Ayat-ayat di atas adalah seruan bagi manusia untuk mengambil pelajaran dari pengalaman-pengalam an peradaban masa lampau dan faktor-faktor kehancurannya. Karena peristiwa-peristiwa sejarah itu akan terulang kembali.
Allah SWT berfirman :
سُنَّةَ اللهِ فِي الَّذِيْنَ خَلَوْا مِنْ قَبْلُ وَلَنْ تَجِدَ لِسُنَّةِ اللهِ تَبْدِيْلاً
(Sebagai sunnah Allah yang berlaku atas orang-orang yang telah terdahulu sebelummu, dan kamu sekali-kali tiada akan mendapati perubahan pada sunnah Allah).[61]
Dan patut diperhatikan bahwa “peranan agama dan tanggung jawabnya dalam kehidupan manusia adalah mewujudkan suasana yang romantis dan serasi antara perilaku dan cara berpikir manusia dengan sunnah Allah yang berjalan dalam kehidupan ini sebagai undang-undang bagi makhluk-Nya di alam ini.[62]
Atas dasar ini, agama mengarahkan pemikiran manusia untuk merenungkan segala sesuatu secara mendalam dan terarah.
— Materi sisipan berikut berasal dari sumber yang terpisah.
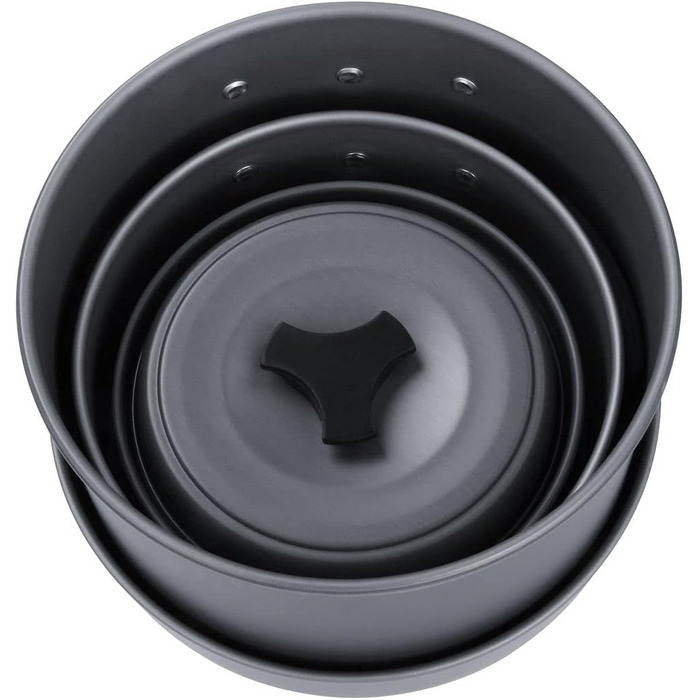 Набір посуду для кемпінгу yourGEAR Ranger V (7 предметів) - для 4-5 осіб. Алюмінієвий, з антипригарним покриттям. У сітчастому мішку.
Dan tentunya terdapat perbedaan yang mendasar antara pandangan yang dangkal terhadap kehidupan dan sejarah dengan pandangan yang dalam dan teliti yang tidak hanya ingin melihat suatu peristiwa secara sekilas. Akan tetapi, pandangan tersebut ingin meneliti dan menelusuri sejarah itu hingga ke akar-akarnya dengan tujuan untuk mengambil sebuah pelajaran berharga dari sejarah tersebut.
Sebagai contoh sederhana, seorang pelancong yang sedang berjalan melewati piramida-piramida Mesir yang megah, ia akan terpesona oleh keindahan arsitektur bangunan dan kemegahannya. Dan semua ini akan berakhir sampai di situ saja.
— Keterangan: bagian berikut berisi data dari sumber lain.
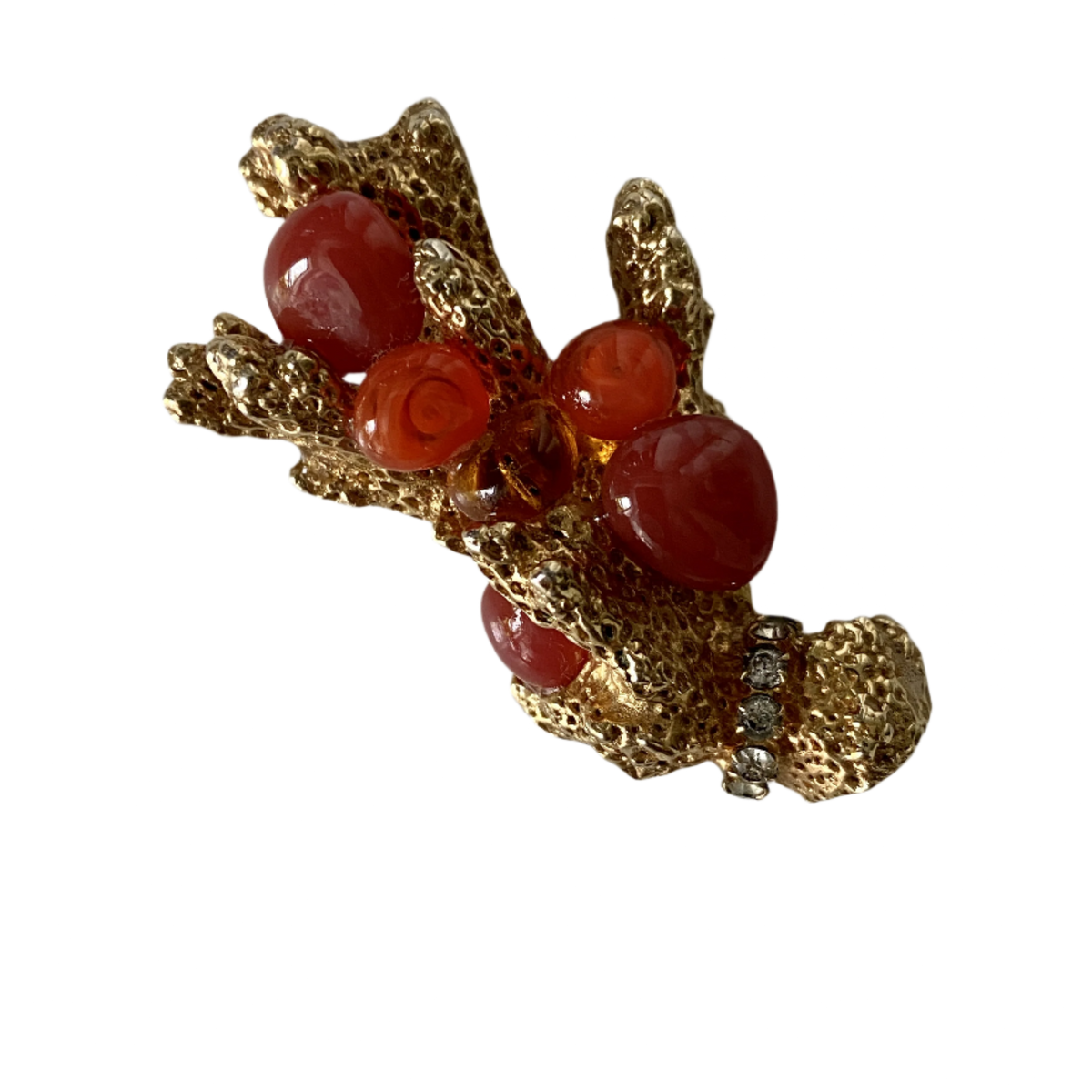 Vintage 70s Castlecliff Red Coral Branch Brooch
Berbeda dengan seorang perenung yang berakidah. Ketika ia berjalan melewati piramida-piramida itu, akan muncul kesimpulan-kesimpul an berikut ini di benaknya: kemampuan dan kekuatan manusia (dalam mewujudkan kemegahan itu), kezaliman dinasti Fir’aun dengan cara memaksa sejumlah besar tenaga manusia untuk membangun pramida tersebut dan tega menyiksa orang-orang lemah tersebut dengan beraneka ragam siksa. Di samping itu, ia akan mengambil pelajaran dari pengingkaran dinasti Fir’aun akan realitas kematian dan hari kebangkitan (dengan cara membangun piramida-piramida sebagai pelindung mayat-mayat mereka). Dengan ini, ia akan mendapatkan pelajaran yang sangat berharga dengan melihat kemegahan itu.
Oleh karena itu, Ahlul Bayt a.s. menekankan pentingnya merenungkan segala sesuatu secara mendalam dan teliti.
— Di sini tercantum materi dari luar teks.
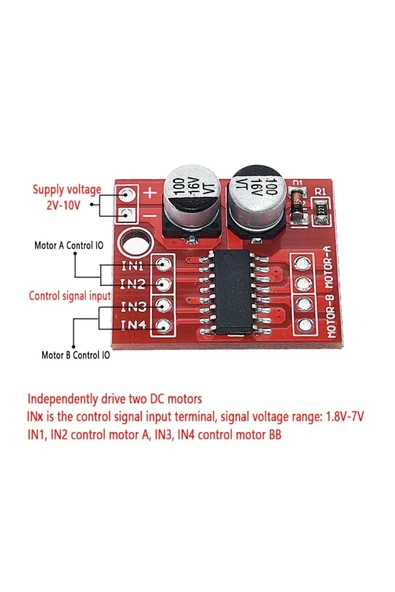 ROBİZ Mini L298n Mx1508 Iki Kanal Dc Motor Sürücü Modül 1.5a - 4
Hasan Ash-Shaiqal berkata: “Aku pernah bertanya kepada Abu Abdillah a.s.: `Apakah berpikir sesaat itu lebih baik dari beribadah semalam suntuk?` Beliau menjawab: `Betul. Rasulullah saww bersabda:
تَفَكُّرُ سَاعَةٍ خَيْرٌ مِنْ قِيَامِ لَيْلَةٍ
(Berpikir sesaat lebih baik dari beribadah semalam suntuk)”.[63]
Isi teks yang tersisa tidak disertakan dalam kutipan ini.